# Help w/steering column



## Instg8ter (Sep 28, 2010)

trying to replace my turnsignal/brake column harness, have it broken down but i cannot get the outer housing that turns with the shift lever to come off. It seems like its hitting a clip on the shaft or something....what am i missing here do not see anything in the resto guide that would be keeping it from sliding off once i rotate it to the slot?????....confused:confused


----------



## Instg8ter (Sep 28, 2010)

got it....


----------



## FlambeauHO (Nov 24, 2011)

Glad I was able to help lol


----------



## Eric Animal (Oct 28, 2007)

ME too....:seeya:


----------



## Instg8ter (Sep 28, 2010)

:rofl:....sorry i was on a "get pissed off break", had a smoke and a beer and went back at it with a fresh perspective. now to get that damn backer plate to stay still while i get one of the screws started, seems to me i used a threaded rod to hold it until i could get a screw bottomed last time, any suggestions or tricks?
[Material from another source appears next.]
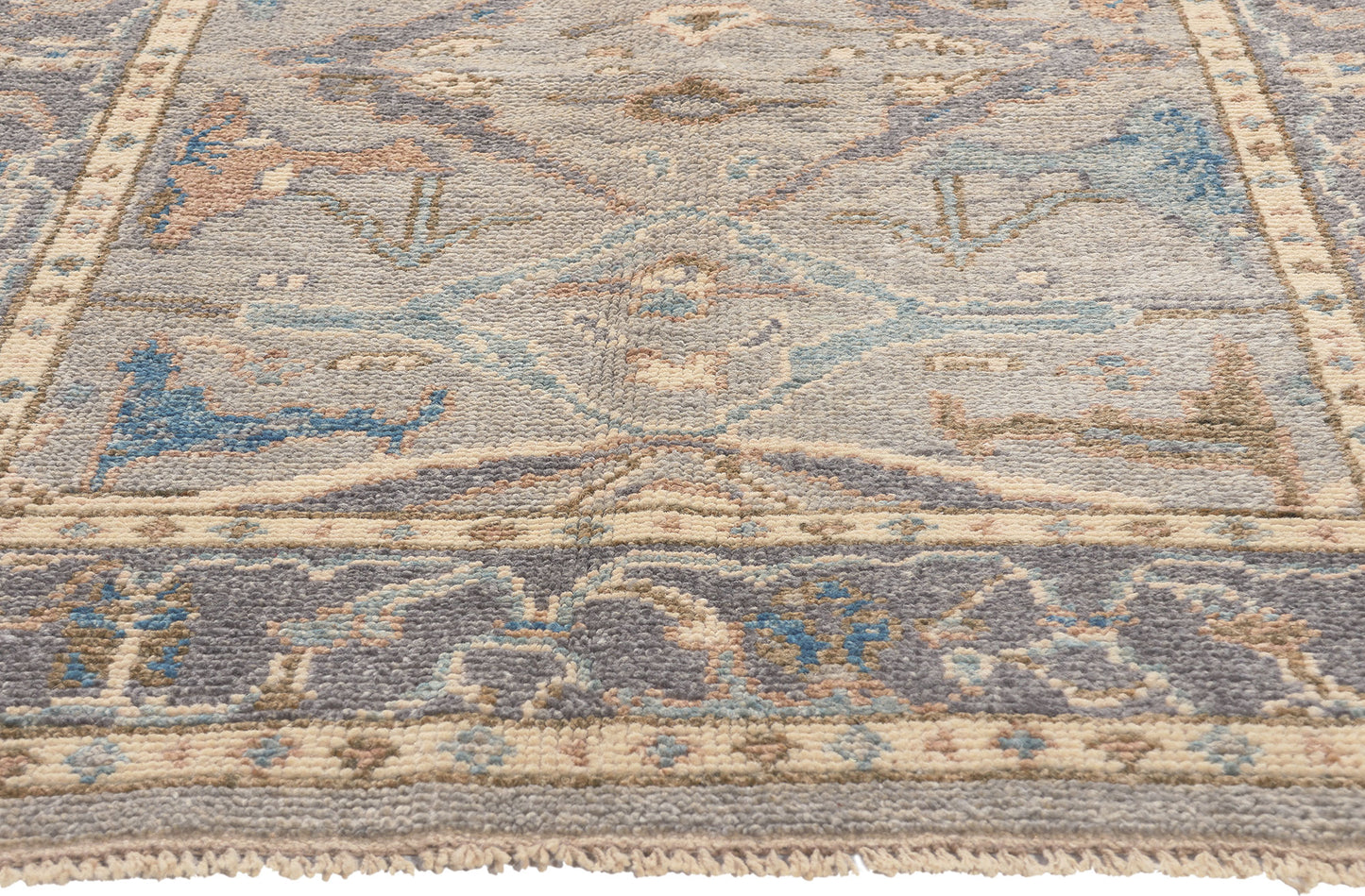 4 x 7 Modern Oushak Rug 81001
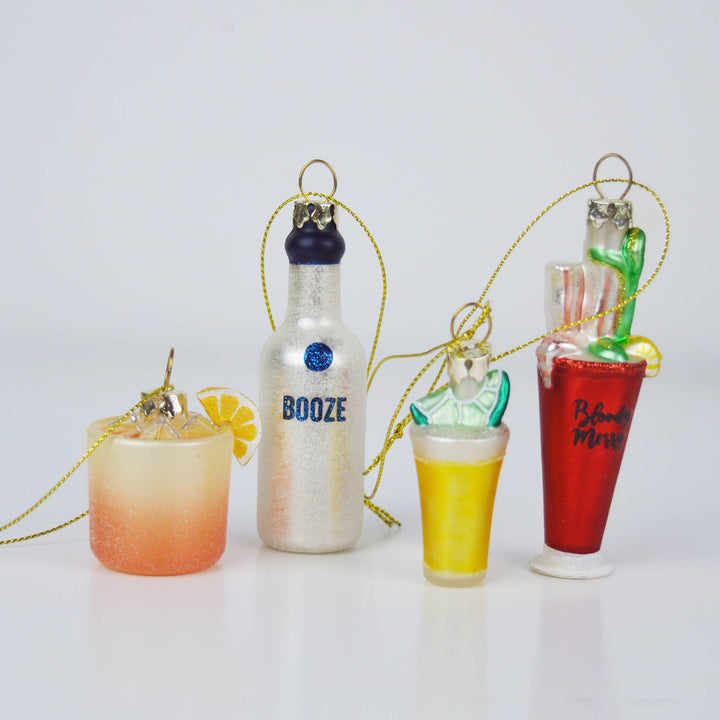 Weekend Warrior Ornament Set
Hope this fixes the brakes and turn signals, there musta been a whole roll of electrical rape on the old one, squished and pinched wires....fingers crossed.


----------



## Eric Animal (Oct 28, 2007)

Use the threaded rod trick....I beleive we did this when you were building the car....E


----------



## Instg8ter (Sep 28, 2010)

Yeah E, like the wife says i have a great memory, it's just really short....your car is looking Amazing by the way i love that burled dash insert, along with everything else you've done....now to find that threaded rod....:willy: I have located a few candidates for my "Bird Build", and with 16 contracts coming in yesterday due to the Tornadoes on thursday looks like i will be able to afford a nicer foundation to start with. Hoping for a scuff and spray so i may be able to drive it by the end of the summer....Stroker should be done in a few weeks now to decide which will get which as the stroker block is correct for a 72' bird. No biggy as the 455 needed to come out for a new viton rear main anyways.


----------



## Eric Animal (Oct 28, 2007)

Thanks Brian....sounds like you have spring fever !!!!:cheers E


----------



## Instg8ter (Sep 28, 2010)

Got it back in this morning, new harness feels much tighter than just the replacement cancel cam. yeah E was expecting to be snowed in til mid april so i pulled the motor, and now we get record highs and i am sitting here with nothing to cruise, the addition of a new car should eliminate that in the future........ohhh well, working on my Honey-do list so i will have more time on the weekends, when i get the new motor in. She actually made the statement "if you do another car it better be a stick shift" so i take that as approval to buy another car, am i mistaken???....:confused......arty:


----------



## Eric Animal (Oct 28, 2007)

She meant to say "When you do another car......":cheers


----------



## BearGFR (Aug 25, 2008)

Instg8ter said:


> .... when i get the new motor in. She actually made the statement "if you do another car it better be a stick shift" so i take that as approval to buy another car, am i mistaken???....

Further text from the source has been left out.